Che lo si voglia o meno, quindi, abbiamo sempre ragione noi. Siamo disposti ad avere ragione anche a costo di ignorare informazioni falsificanti o addirittura di inventarcele di sana pianta. Gli esempi nella vita di tutti i giorni sono infiniti, ma c’è un ambiente particolare dove tutte queste ipotesi vengono confezionate e distribuite, rese facilmente digeribili e distribuibili su grande scala.

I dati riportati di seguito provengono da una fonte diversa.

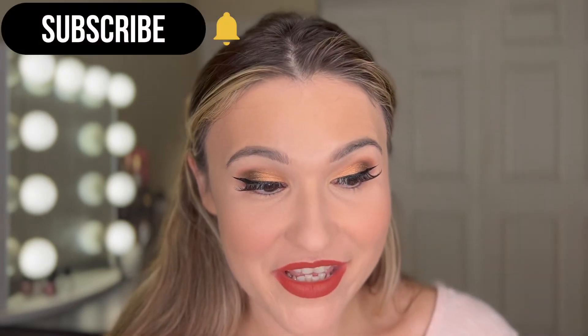Hi everyone, welcome back to my channel. I'm Haley. I'm very excited today because I just tried a lot from the ColourPop for Target line. I have some thoughts. I was quite shocked by quite a few items, so if you want to see how I got this look, if you want to hear my thoughts on the products, just keep watching.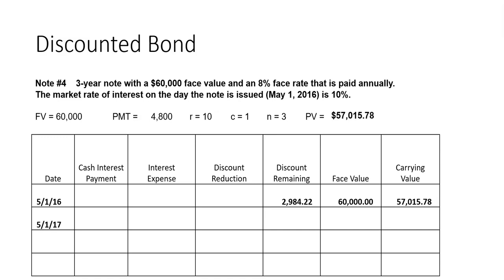Now we make our cash payment of $4,800. When we calculate interest expense, we use the carrying value times the market rate times time: $57,015.78 times 10% times 1 equals $5,701.58. The interest expense is higher than the cash interest payment because we need to reduce the discount account. The difference between these two is the discount reduction of $901. We then increase the carrying value by that discount reduction and update the discount account.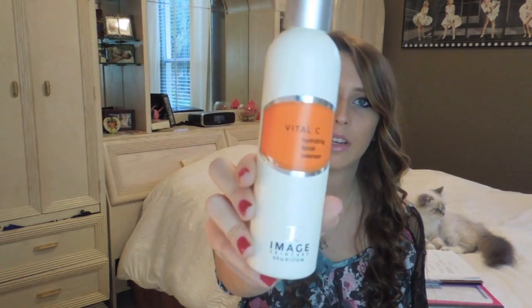My mom and I both use this Vital C Hydrating Facial Cleanser, which is from Image Skin Care. This is another high-end one — I will be showing you some more inexpensive alternatives. This also works great on my face. It smells really good; it's kind of an orangey, citrusy smell. It leaves your skin feeling really clean and really smooth and soft. So I like these two a lot — these are the two that I usually use.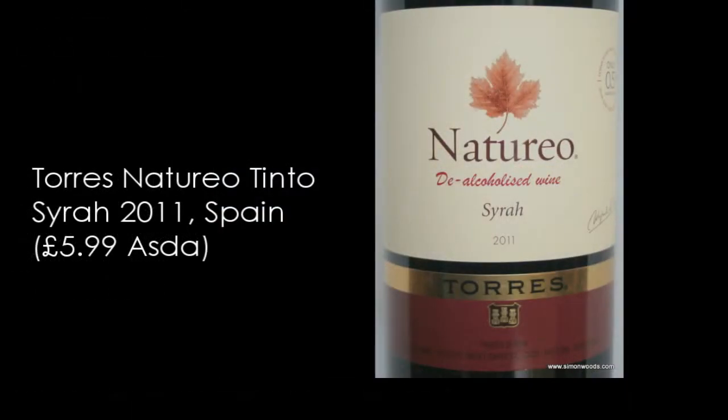So the red. This is Syrah — that was Cabernet and Syrah for the rosé. This is Syrah 2011. Let's try this.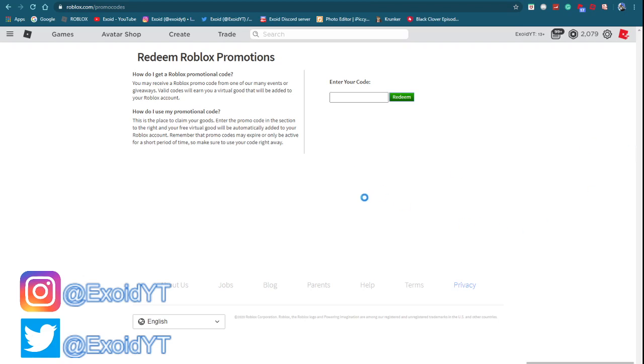Yo, what is up guys, welcome back to another Roblox video. Today I'll be updating you guys on all the Roblox promo codes — showing you all the codes from the oldest to the newest.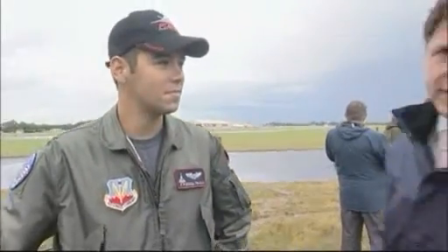Captain Michael Trujillo, thank you very much indeed. Captain Trujillo, one of the pilots of the Raptor — one of the aircraft that will be on display here at the Royal International Air Tattoo.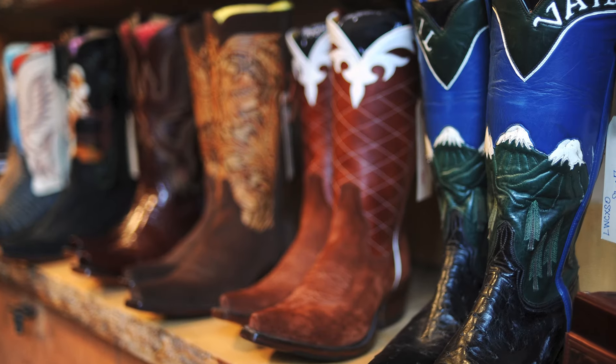Along with hats, they sell all sorts of Western gear — belts, boots, fur coats, anything you could kind of want to get your Aspen look on. But it was a great time at the store.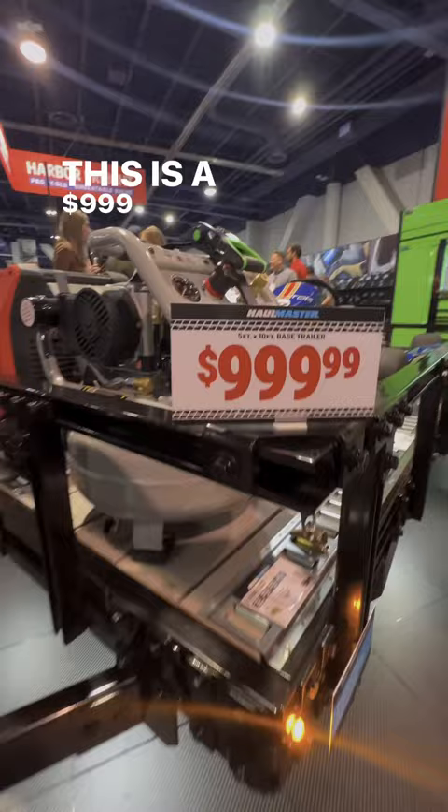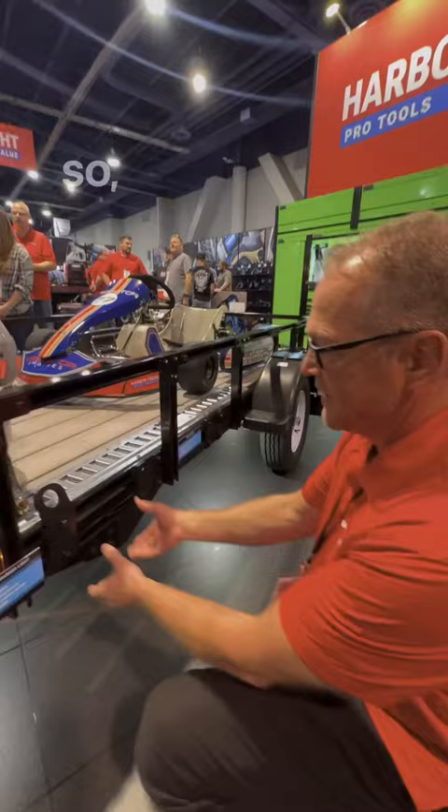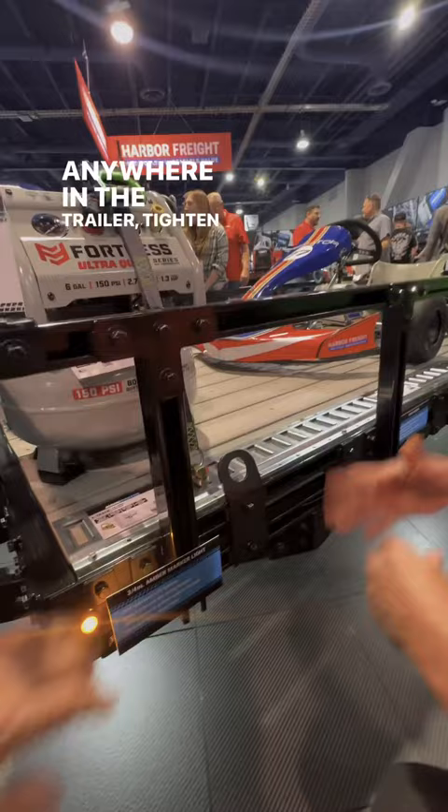Walk me through it, Troy. So what we wanted to do is create a system that anybody could customize a trailer and use one wrench. The whole trailer is built around this dual rail system. Any accessory can easily just be bolted on the trailer — you can loosen up, slide it wherever you want, anywhere on the trailer, tighten it. Instant customization.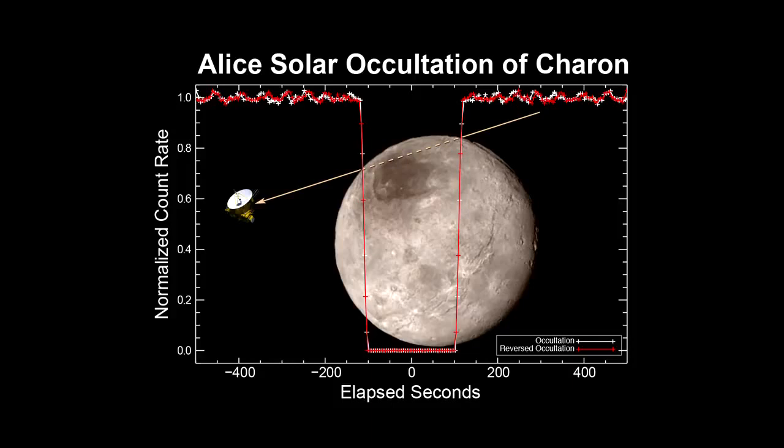We just got the summary data down in the last few days. We don't yet have the full spectral data set — we won't have that until September. The yellow line represents the path of the sun as seen from the spacecraft moving behind Charon, just clipping the northern regions of the moon, exactly as planned. As you clip on either side of the body, the light level from the sun plummets straight to zero — just a square wave, telling us that Charon has much less atmosphere than Pluto, if any.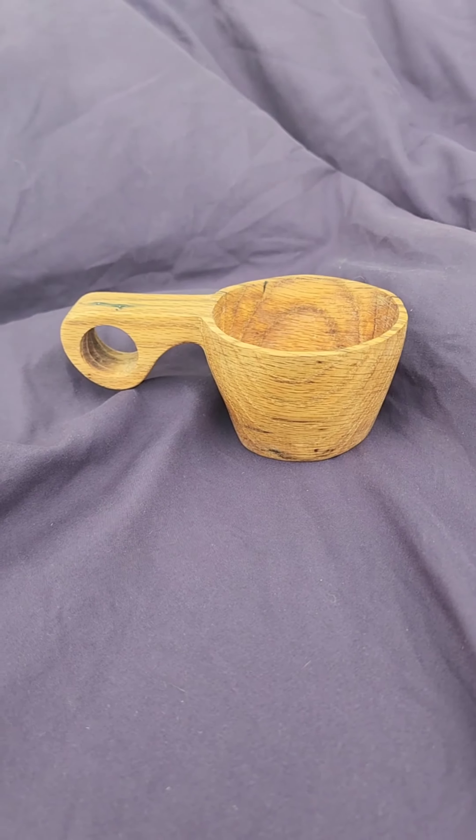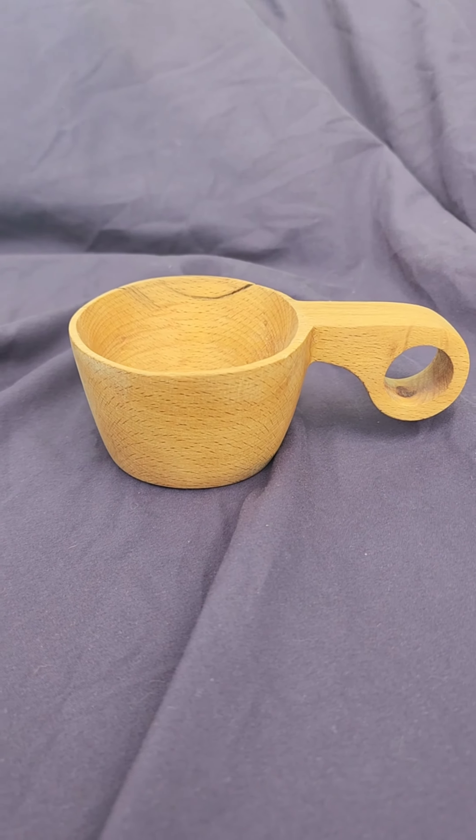A kuxa is a traditional Scandinavian cup used by the Sami people, sometimes called Laplanders. They're traditionally made of birch burl; ours are made from reclaimed wood — this one is reclaimed cherry, and we have some reclaimed American chestnut available as well. Traditionally they're never washed: you use them, rinse with some water, and hang them on your belt. Really cool, and we're really excited to have kuxa available here at Birch House Woodcrafts.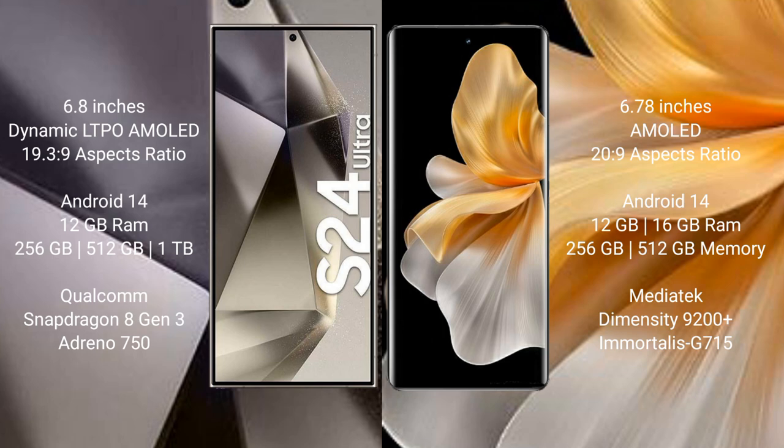Both the Samsung Galaxy S24 Ultra and the Vivo S18 Pro run on the Android 14 operating system. The Samsung Galaxy S24 Ultra comes with 12GB RAM and 256GB, 512GB, or 1TB internal storage options.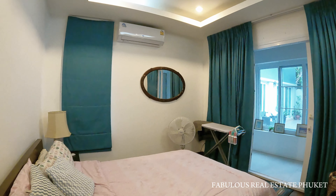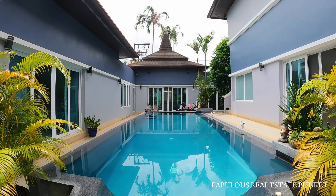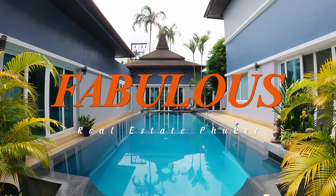The price of the villa will be available on our website — let us know what you think. If you are interested in arranging a viewing for this pool villa, contact us or visit our website. Thank you. Fabulous Real Estate Phuket.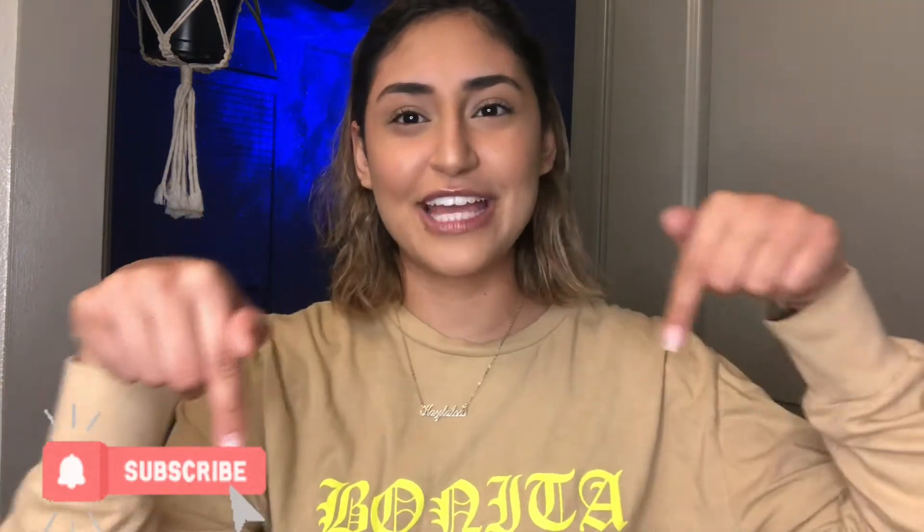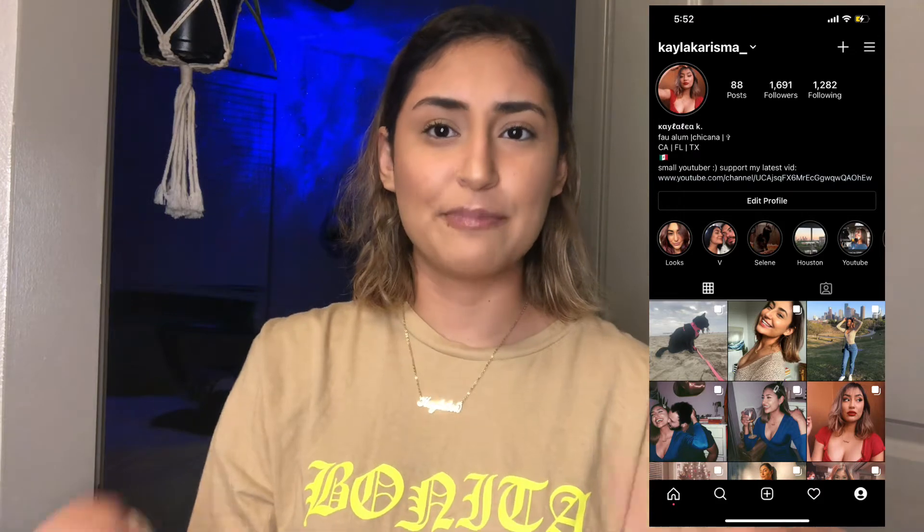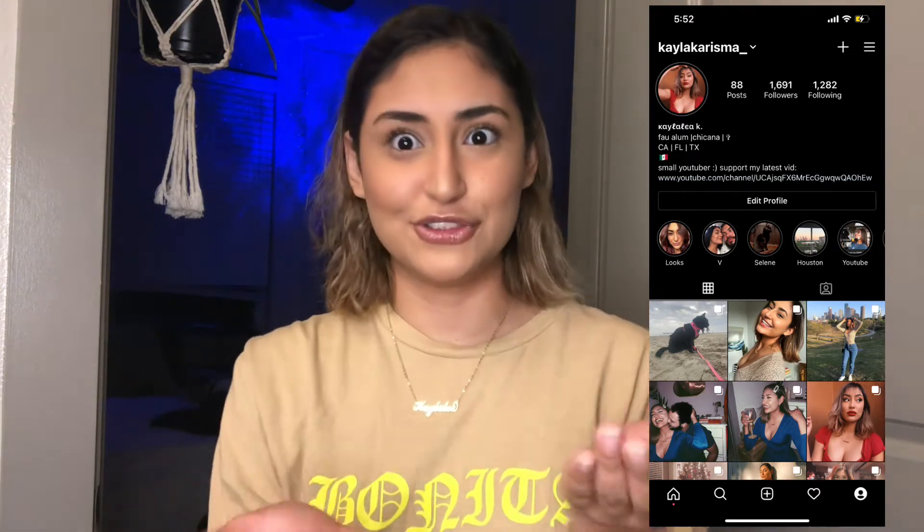Hit that notification bell so you get notified whenever I post new videos. Also follow me on Instagram — that is the social media platform that I am the most active on besides YouTube. If you have not seen my last video, that was my short hair care and styling routine, go ahead and check that out. I'm gonna put it here somewhere.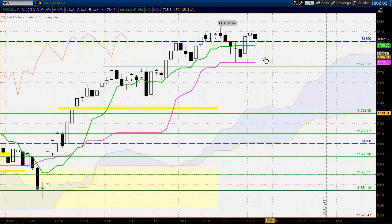Hello everyone, Larry Larenchich for richimoku.co and forextrading.tv with a daily analysis for the S&P 500 for the trading day ending Tuesday, December 10th, 2013.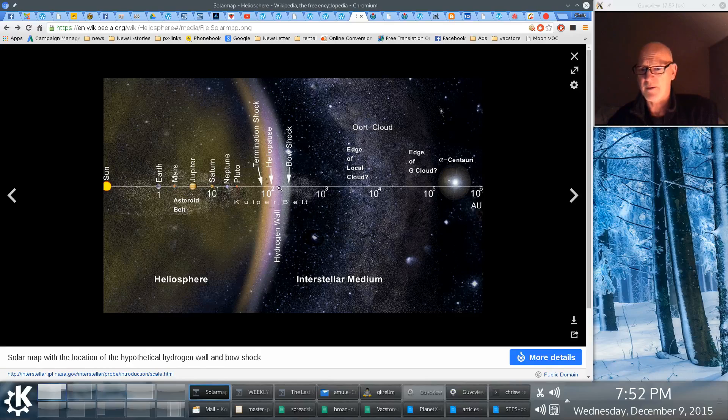It stops here. Outside of this you have interstellar space, which is a whole other ballgame. We're in the bubble here — this big bubble. This distance is about 9.3 billion miles. As an example of how big that is, Pioneer II was launched in 1977, and it traveled at 55,000 kilometers an hour. It took over 38 years at that speed to clear the sun's heliosphere, or the bubble. That's how big it is.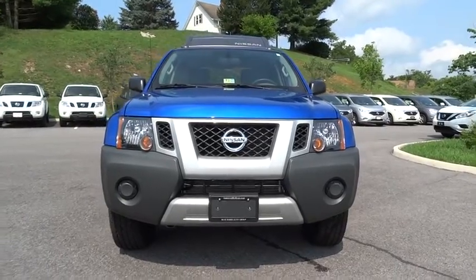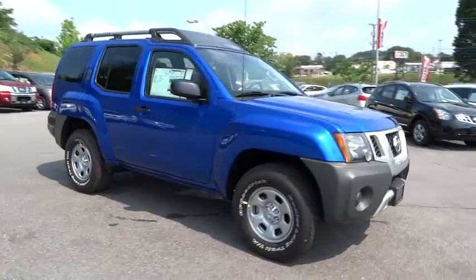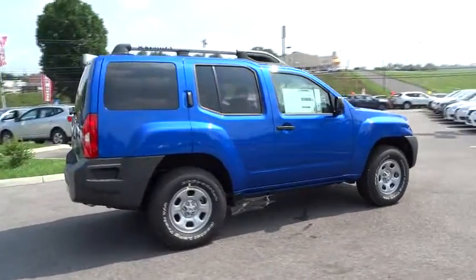2015 XTERRA. Accelerate your activity with the Nissan XTERRA. Its powerful 24-valve V6 lets you climb faster and further, while its versatile interior lets you stretch out in style.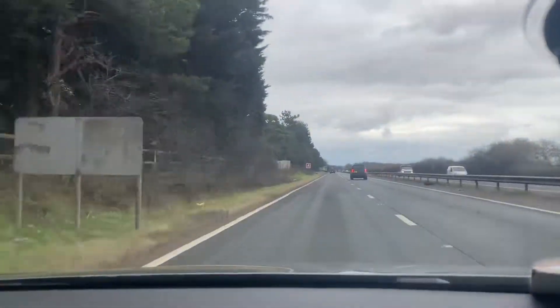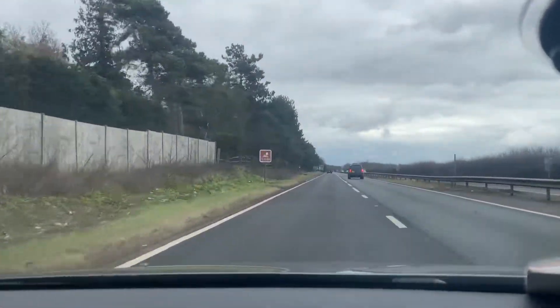In terms of the brakes, very nice and smooth with no judder on them.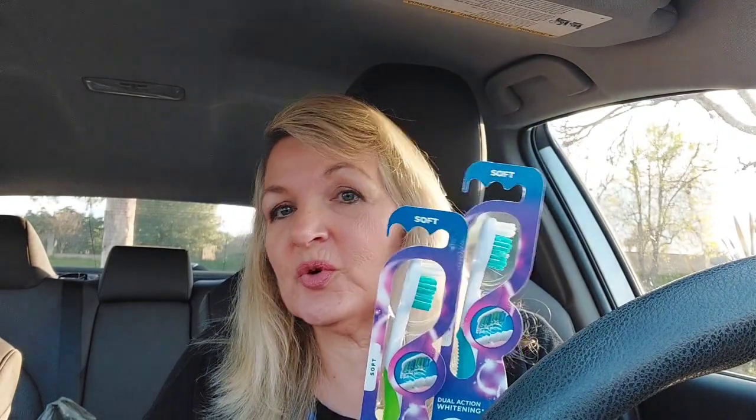Then I did the two toothbrushes for $3 each. My $3 off two digital coupon came off just fine, but I did not get the register reward. When the manager came up to give me Walgreens cash for the $4 register reward, he said he'd give me $5 for the coupon trouble. I said thank you so much, I really appreciate it.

La fucina di ipotesi: il ruolo dei media

È proprio attraverso i media che le ipotesi si sviluppano e si espandono a macchia d’olio, sotto forma di stereotipi che vengono veicolati alla velocità della luce e fatti passare come verità assolute. Abbiamo talk show dove ognuno deve necessariamente dire la sua, in cui si chiede l’opinione a esperti che esperti non sono e al popolo che vive di rimedi della nonna. La moda di far sentire cosa pensa “la gente” porta alla conseguente espansione dei preconcetti di cui abbiamo parlato. Pensate alla facilità con cui anche il giornalismo può, consapevolmente o meno, contribuire a tutto ciò: con il bias della domanda e con quello della risposta possiamo fondamentalmente ascoltare e capire solo quello che vogliamo, quello che ci fa più comodo. Ogni giorno vengono sparate sentenze gratuite contro gli immigrati, insulti ai partiti politici della fazione opposta, notizie su false dichiarazioni, bufale e chi più ne ha più ne metta. Si può quasi pensare che, maggiore il potere di espressione che viene fornito dal mezzo, maggiore sia il grado di diffusione di stereotipi che ne consegue.

©chainsawsuit.com

Il punto però è un altro: i media forniscono sempre più opinioni e sempre meno fatti incontrovertibili e falsificanti, come ricerche e spiegazioni scientifiche degli avvenimenti. Così facendo le opinioni, molto semplici e molto spesso già indirizzate (come diceva Gaber, alla «grande confusione deviante»), vengono considerate come verità assolute, rinforzate, maggiormente ricordate e utilizzate per giudicare informazioni successive, ed ecco che abbiamo malattie terminali che si possono guarire con il bicarbonato, rettiliani al governo e, paradossalmente, una psicologia che non è più una scienza.